=== Begin Enclosure ===

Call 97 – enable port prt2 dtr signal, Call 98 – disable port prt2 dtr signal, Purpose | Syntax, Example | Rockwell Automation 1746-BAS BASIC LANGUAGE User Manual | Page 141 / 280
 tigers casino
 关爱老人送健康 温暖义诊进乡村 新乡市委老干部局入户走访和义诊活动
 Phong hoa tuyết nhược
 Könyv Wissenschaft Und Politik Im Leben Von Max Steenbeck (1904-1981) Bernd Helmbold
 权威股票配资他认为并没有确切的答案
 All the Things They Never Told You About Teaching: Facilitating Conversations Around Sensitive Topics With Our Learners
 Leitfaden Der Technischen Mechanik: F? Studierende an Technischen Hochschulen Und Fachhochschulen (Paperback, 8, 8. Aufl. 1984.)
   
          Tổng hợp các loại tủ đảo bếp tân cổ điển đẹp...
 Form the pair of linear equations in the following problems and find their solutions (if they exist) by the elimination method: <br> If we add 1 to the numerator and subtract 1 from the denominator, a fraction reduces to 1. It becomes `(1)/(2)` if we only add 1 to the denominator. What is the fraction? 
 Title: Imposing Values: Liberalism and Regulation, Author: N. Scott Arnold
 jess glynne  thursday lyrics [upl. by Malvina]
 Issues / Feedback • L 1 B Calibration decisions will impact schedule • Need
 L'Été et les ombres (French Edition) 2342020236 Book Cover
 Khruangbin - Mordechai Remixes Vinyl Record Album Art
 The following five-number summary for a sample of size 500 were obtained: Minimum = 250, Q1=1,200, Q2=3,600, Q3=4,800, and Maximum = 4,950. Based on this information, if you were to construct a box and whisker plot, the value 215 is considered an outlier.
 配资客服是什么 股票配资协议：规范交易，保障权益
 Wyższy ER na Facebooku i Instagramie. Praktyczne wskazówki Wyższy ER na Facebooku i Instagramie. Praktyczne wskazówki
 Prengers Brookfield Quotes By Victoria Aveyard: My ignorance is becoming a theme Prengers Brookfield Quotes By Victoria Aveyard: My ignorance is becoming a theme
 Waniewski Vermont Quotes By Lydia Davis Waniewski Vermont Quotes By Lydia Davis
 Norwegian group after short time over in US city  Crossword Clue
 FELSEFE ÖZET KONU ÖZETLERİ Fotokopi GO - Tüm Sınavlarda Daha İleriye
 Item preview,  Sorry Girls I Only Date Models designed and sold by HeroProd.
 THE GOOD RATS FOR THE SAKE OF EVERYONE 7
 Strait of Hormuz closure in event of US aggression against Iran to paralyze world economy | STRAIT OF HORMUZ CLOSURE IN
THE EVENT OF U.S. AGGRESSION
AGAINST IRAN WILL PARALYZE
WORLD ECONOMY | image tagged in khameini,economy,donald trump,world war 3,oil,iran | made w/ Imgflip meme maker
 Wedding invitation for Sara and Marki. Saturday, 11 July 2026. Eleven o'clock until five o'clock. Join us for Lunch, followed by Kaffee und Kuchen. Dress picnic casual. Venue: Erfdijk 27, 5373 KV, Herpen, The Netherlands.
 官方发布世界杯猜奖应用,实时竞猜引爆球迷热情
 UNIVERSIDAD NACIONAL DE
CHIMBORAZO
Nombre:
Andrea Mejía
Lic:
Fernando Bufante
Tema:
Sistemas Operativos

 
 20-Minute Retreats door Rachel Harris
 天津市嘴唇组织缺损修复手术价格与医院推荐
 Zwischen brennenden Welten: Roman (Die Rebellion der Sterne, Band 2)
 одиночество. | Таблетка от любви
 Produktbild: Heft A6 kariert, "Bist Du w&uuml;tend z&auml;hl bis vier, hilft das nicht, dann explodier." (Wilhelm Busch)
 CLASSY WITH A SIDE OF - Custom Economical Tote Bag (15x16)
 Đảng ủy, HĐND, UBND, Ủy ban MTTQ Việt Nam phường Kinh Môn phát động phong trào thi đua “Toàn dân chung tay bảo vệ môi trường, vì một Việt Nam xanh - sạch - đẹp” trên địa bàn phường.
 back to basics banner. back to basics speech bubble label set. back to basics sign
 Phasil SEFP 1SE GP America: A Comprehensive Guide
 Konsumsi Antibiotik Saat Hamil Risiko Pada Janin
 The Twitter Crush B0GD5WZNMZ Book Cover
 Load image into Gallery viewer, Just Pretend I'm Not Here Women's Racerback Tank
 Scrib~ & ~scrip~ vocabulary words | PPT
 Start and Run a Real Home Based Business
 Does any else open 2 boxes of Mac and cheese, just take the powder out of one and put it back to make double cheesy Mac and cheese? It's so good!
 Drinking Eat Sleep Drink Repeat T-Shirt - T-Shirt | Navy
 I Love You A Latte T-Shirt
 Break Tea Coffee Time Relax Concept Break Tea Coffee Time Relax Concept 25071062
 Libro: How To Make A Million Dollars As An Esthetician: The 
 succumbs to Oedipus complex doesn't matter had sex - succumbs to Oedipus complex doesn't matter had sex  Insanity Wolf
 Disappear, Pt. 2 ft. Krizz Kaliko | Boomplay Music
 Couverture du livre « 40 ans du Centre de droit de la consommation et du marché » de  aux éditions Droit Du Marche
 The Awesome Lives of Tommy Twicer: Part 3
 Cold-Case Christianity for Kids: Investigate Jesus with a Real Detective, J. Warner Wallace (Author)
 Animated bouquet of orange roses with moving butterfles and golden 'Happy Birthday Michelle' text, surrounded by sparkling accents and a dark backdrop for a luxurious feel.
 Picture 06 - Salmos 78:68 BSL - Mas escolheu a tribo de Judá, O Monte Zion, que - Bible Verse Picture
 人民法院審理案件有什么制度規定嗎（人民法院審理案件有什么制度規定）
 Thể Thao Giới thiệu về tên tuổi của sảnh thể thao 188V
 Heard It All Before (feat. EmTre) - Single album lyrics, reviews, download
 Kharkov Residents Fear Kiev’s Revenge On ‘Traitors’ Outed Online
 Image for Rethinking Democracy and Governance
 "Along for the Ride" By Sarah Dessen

=== End Enclosure ===

## WHAT IS NEEDED
Look through the records above for the string "five", then copy every line that has it.

## ANSWER BOX
 The following five-number summary for a sample of size 500 were obtained: Minimum = 250, Q1=1,200, Q2=3,600, Q3=4,800, and Maximum = 4,950. Based on this information, if you were to construct a box and whisker plot, the value 215 is considered an outlier.
 Wedding invitation for Sara and Marki. Saturday, 11 July 2026. Eleven o'clock until five o'clock. Join us for Lunch, followed by Kaffee und Kuchen. Dress picnic casual. Venue: Erfdijk 27, 5373 KV, Herpen, The Netherlands.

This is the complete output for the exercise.